At Datasaur, we've got you covered when it comes to data labeling. We understand the importance of being able to integrate with various machine learning platforms, including Azure. We recognize that Azure is a powerful tool for building and deploying ML models, and that's why we've prioritized seamless integration with it. Our mission is to empower data scientists and machine learning engineers to build and deploy highly accurate and effective models on any platform they choose.

Integration with Azure

In this tutorial, we will take you through the process of building a model with Azure integration. This tutorial is meant to be practical and easy to follow, even for beginners. It is a step-by-step guide that will walk you through the entire process of building a model that can be deployed easily on Azure.

We will start with labeling data using Datasaur, then move on to building a model with Azure Automated ML. We will provide a detailed guide with screenshots to ensure that you have a smooth experience throughout the process.

By following this tutorial, you will learn how to:

  1. Label news data category with Datasaur
  2. Train a model using Automated ML in Azure

If you are ready to get started, let's dive in!

Labeling with Datasaur

  1. Prepare your preferred dataset. We will use the following dataset for this tutorial: Dataset link 
  2. Log in to your Datasaur account. We recommend you use the team workspace.
  3. Go to your desired team workspace. Once you have stored your data from the previous step, you can create a project with the DOC type from the Datasaur project template. It will give you automated settings for a classification project.

  1. To get started with the data labeling process, the first step is to upload your data to the uploader.
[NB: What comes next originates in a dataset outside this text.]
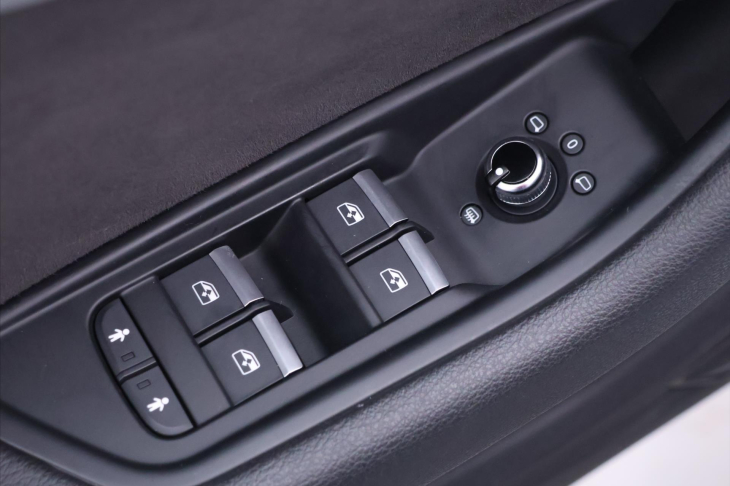 Audi A4 2,0 TDI 140kW Quattro CZ DPH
  1. After uploading your data, you can preview your dataset. If your data already has headers, you can convert the first row to a header using the available settings.

  1. To create your labeling task, you need to add a question set. The question set defines the goals for your labeling project. Name the question set “Category.” From the dropdown “Question Type” select “Dropdown.” Enter in the following labels: Business, Technology, Politics, Sports, and Entertainment.
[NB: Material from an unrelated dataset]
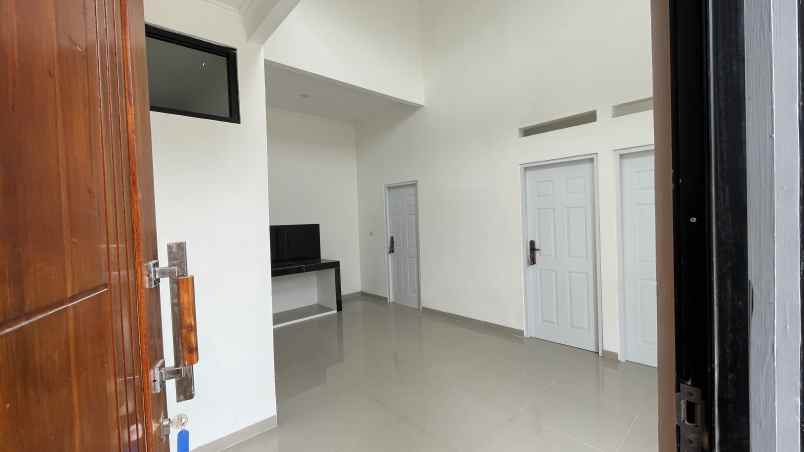 dijual rumah jl alternatif bukit indah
  1. When working on a data labeling project with a team, it's important to assign responsibilities clearly to ensure efficient collaboration. In Datasaur, you can assign team members as either labelers or reviewers based on their roles and responsibilities in the project.

  1. The project is now ready to be launched.

  1. You are now ready to annotate the data. Shortcut: Use this labeled data to jump into the next step.

  1. After you have finished labeling your data in Datasaur, you can easily export it to Azure's native format. To export your labeled data to Azure, you need to first access the Export submenu by clicking on the "File" menu. Once there, you will see a dropdown menu with several options, one of which is "Azure." Selecting this option will initiate the export process, after which you will have a file in Azure's format that can be used for training and deploying machine learning models.

  1. Your dataset is now fully prepared and ready to be utilized for your machine- learning project.

Building a Model with Azure AutomatedML

  1. To begin, open and navigate to your Azure Machine Learning workspace.

  1. You need to launch the studio and start your computing instance. This step is crucial to ensure that your computing environment is set up correctly and that you can access all the tools and resources you need to build and deploy your model successfully.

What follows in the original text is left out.